2. Clustering in Weka (50 points, 5 points per question)

The goal of this data mining study is to find groups of animals in the zoo dataset, and to check whether these groups correspond to the real animal types in the dataset.

a. What types of variables are in this dataset?

b. How many rows / cases are there?

c. How many animal types are represented in this dataset? List them here.

d. After removing the type attribute, go to the Cluster tab. How many clustering algorithms are available in Weka?

e. List the clustering algorithms seen in class, and map these to the ones provided in Weka.

f. Start using the SimpleKMeans clusterer choosing 7 clusters. Do the clusters learnt and their centroids seem to match the animal types?

g. Compare results with EM clusterer (with 7 clusters), MakeDensityBasedClusterer, FarthestFirst (with 7 clusters), and Cobweb. Which algorithm seems to provide the best clustering match for this dataset?

h. Explain the principles of SimpleKMeans, EM, MakeDensityBasedClusterer, and Cobweb clustering algorithms.

i. Are results easy to interpret, even with the tree visualizations provided?

j. What would make it easier to evaluate the usefulness of the clusters found?

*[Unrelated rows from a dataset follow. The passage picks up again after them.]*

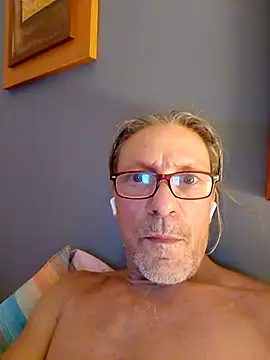 Snapshot of Deddyitalia3p chatting on September 17, 2025, 9:28 pm Deddyitalia3p online show from September 17, 2025, 9:28 pm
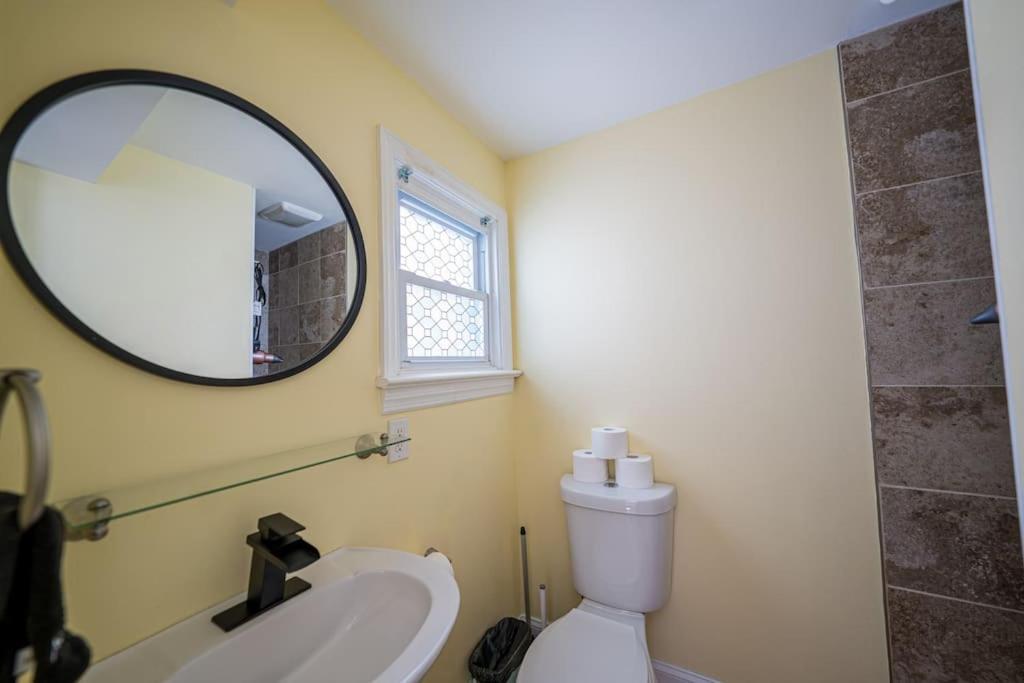 7br 7ba Big House 1 Block From Tropicana And *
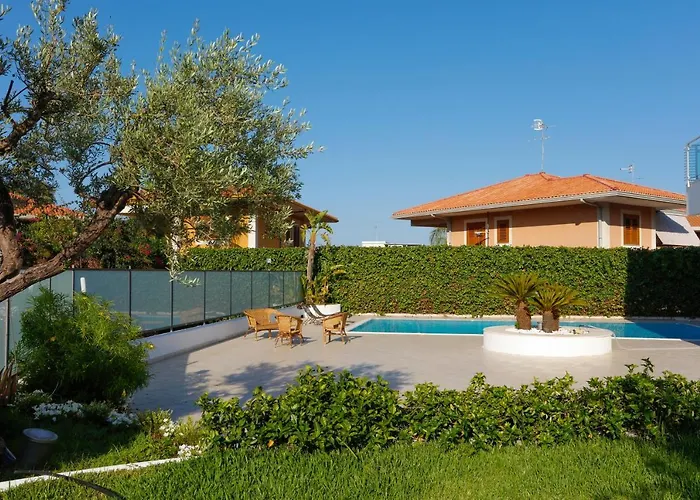 מלון דירות Path House - Etna & Sea View 4*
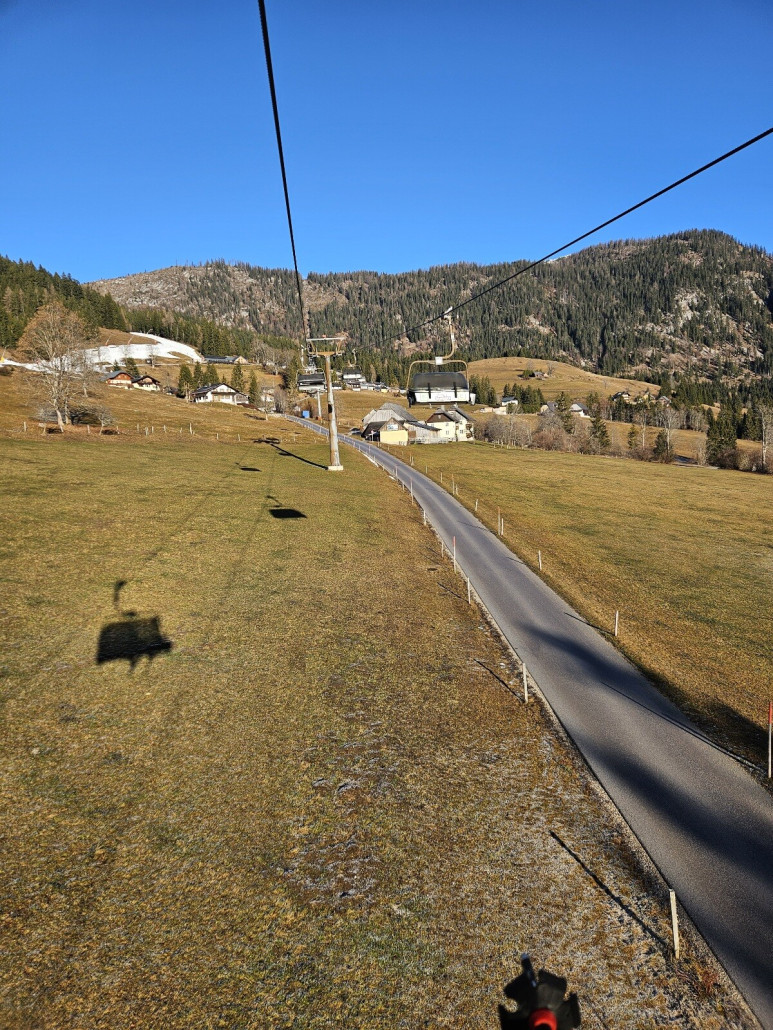 Man glaubt es bei dem Bild ja kaum, aber die Talabfahrt, die man links oben erahnt, war sogar am Nachmittag noch richtig griffig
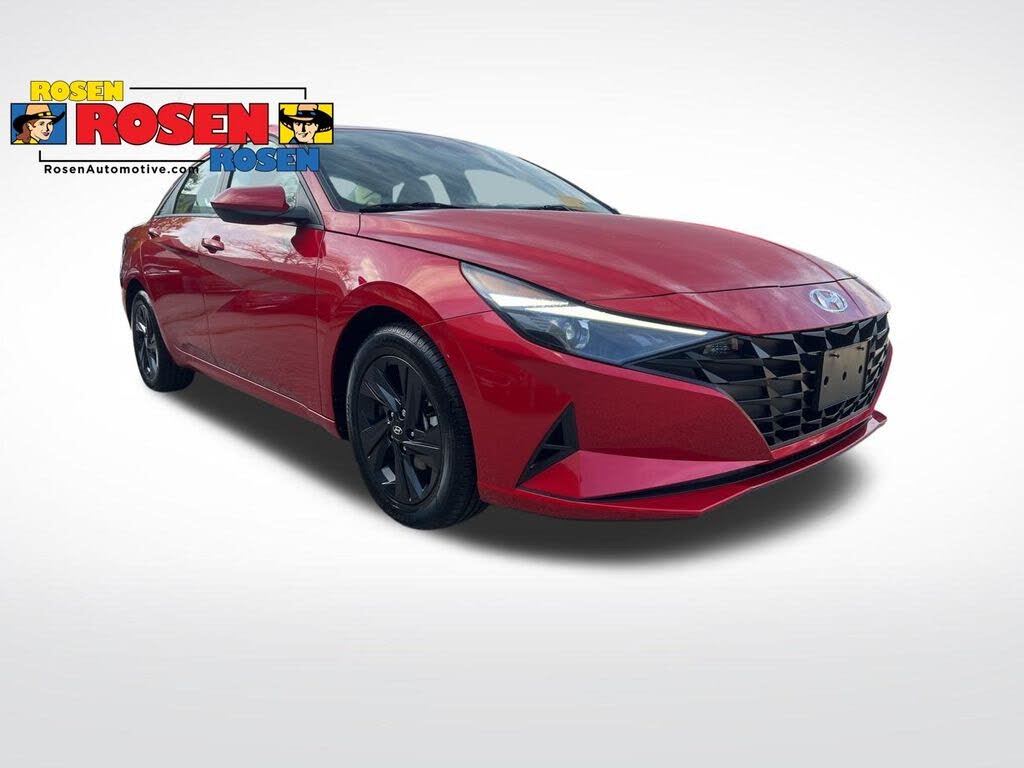 2023 Hyundai Elantra SEL FWD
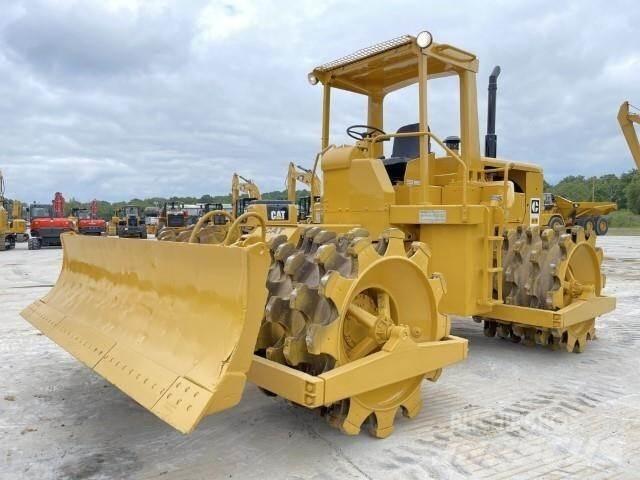CAT 815 Afvalpersen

a. List some animals that are misclassified, meaning classified in a cluster that does not correspond to their actual type, for instance a mammal clustered with fish, or a reptile clustered with amphibian.

b. By modifying the selected parameters, improve the classification, explain which modifications you made, and paste here the resulting dendrogram.

Case Study 3

In this assignment, you have to compare the performance of four classification approaches (simply compare the accuracy of the approaches):

· Decision Trees

· Ripper (Rule Learning system (JRip in WEKA)

· SVMs (Not in WEKA? If not use SVMLight or the like)

· Decision Trees with AdaBoost

on three different data sets from UCI, or from other sources of your choice.